Now, however, some CSOs have moved away from a role centered on messaging and instead are spearheading the true integration of material ESG (environmental, social, and governance) issues into corporate strategy. This pivotal change requires close collaboration with other members of the senior leadership team and active engagement with investors. Two factors have helped spur this transition. First, investors and executives increasingly recognize that sustainability is a significant factor in company financial performance. Second, a rising political backlash in the United States against investors who incorporate ESG into their decision-making processes has emerged, with some on the right framing this practice as woke capitalism and some on the left as an insufficient response to global challenges. That has prompted CSOs to change their focus from public communication and outreach to more direct interactions with key stakeholders and investors.

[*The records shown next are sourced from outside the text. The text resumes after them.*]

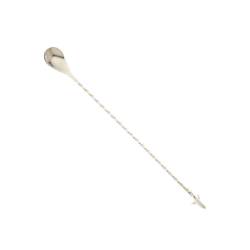 Cuchara de bar de acero inoxidable con tiburón cm 33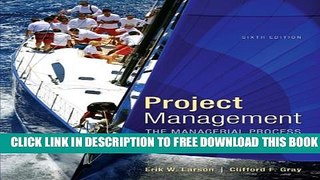 Collection Book Project Management: The Managerial Process with MS Project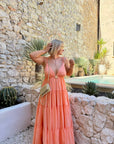 ROBE SOLEIL ORANGE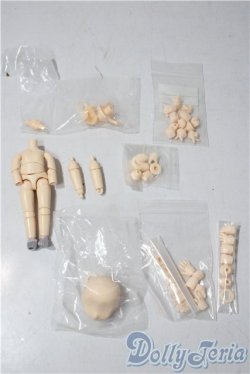 画像1: 1/12/フェイス＆ハンドパーツセット A-26-01-04-1042-TN-ZU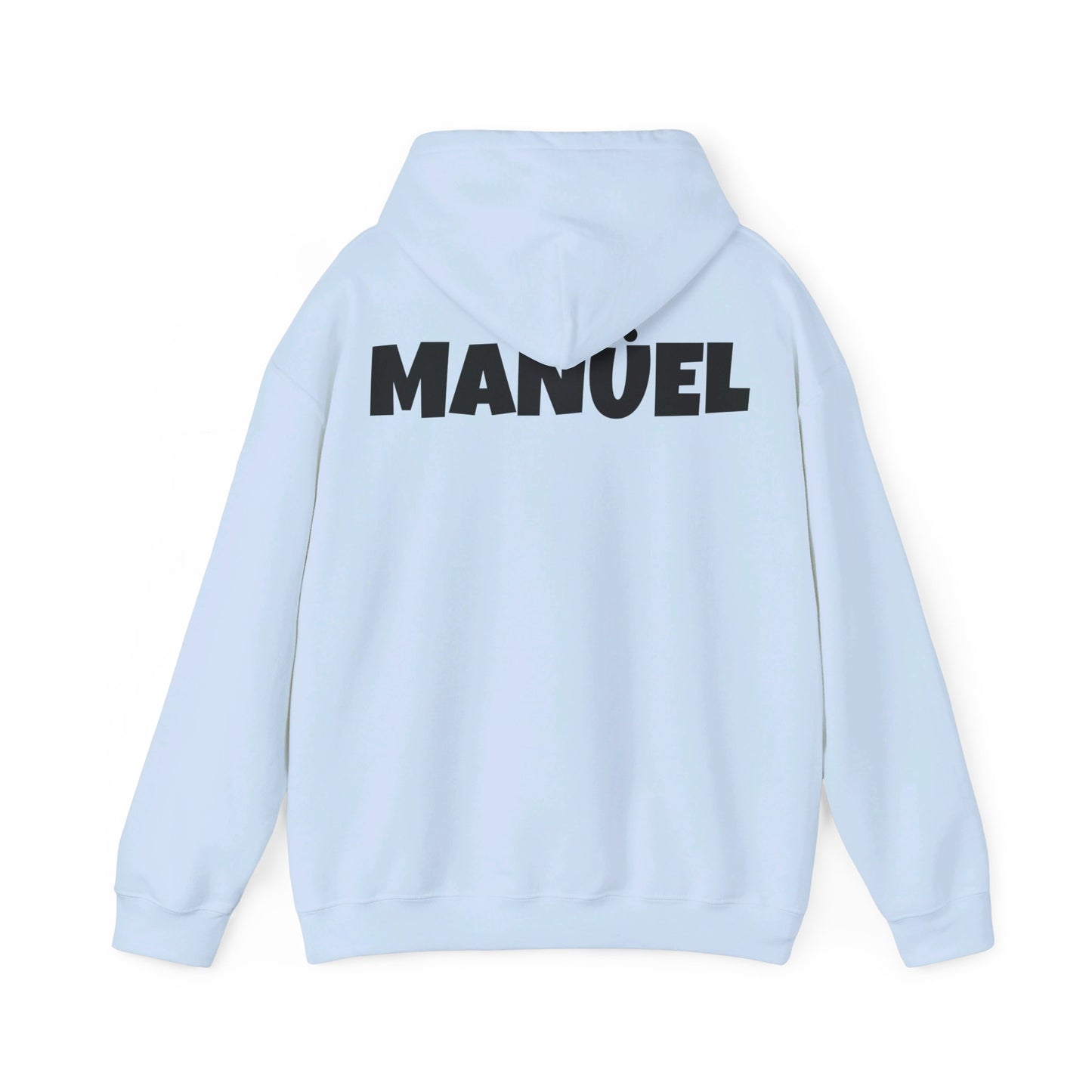 WELCOME MANÜEL HOODIE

To date, there has been little substantive discussion on the need to professionalize and formalize the CSO role. Rather, there has been a lot of vague advice on the role, including suggestions that the CSO should take responsibility for all stakeholder interactions, and even innovation and organizational culture. The CSO has thus been charged with being all things to all people, and expectations about the role are both incoherent and grandiose.
A 2018 study conducted by one of us (Alison) found significant barriers to the professionalization of the CSO role, including enormous inconsistency across sectors, a lack of role clarity, and insufficient access to power and resources. Those barriers are now starting to fall. We recently interviewed 29 CSOs across a diverse collection of industries and countries and held discussions with 31 investors, and we found a noticeable shift in the authority and focus of the sustainability function. One visible manifestation of the shift is that CSOs are now more involved in investor meetings, and investors are embracing this change. The shift to a more central role for CSOs is most dramatically revealed in companies undergoing major business transformations in response to existential challenges. Many are in controversial sectors, and some are empowering the sustainability function as a response to historic mismanagement of their most negative external impacts.
We argue in this article for four major changes to the CSO role. The CSO should be involved in strategy and capital allocation; be more focused on and realistic about stakeholder interactions; be more fully engaged with investors; and be supported with sufficient sustainability resources and expertise throughout the entire organization, including on the board and senior leadership team.
The Right Strategy
The role of the chief sustainability officer has its roots in corporate social responsibility (CSR), and many CSOs began their careers in CSR-focused roles. Originally CSR aimed to showcase companies as responsible corporate citizens. Typical CSO-led initiatives included recycling, waste reduction, environmentally friendly energy consumption, and employee volunteer programs. The distinction between CSR and philanthropy was often unclear. There was virtually no connection between CSR and a company’s strategy, capital allocation, or business model. There didn’t need to be, because the CSR group was small and had limited resources—a modest cost center enabling a shiny annual CSR report.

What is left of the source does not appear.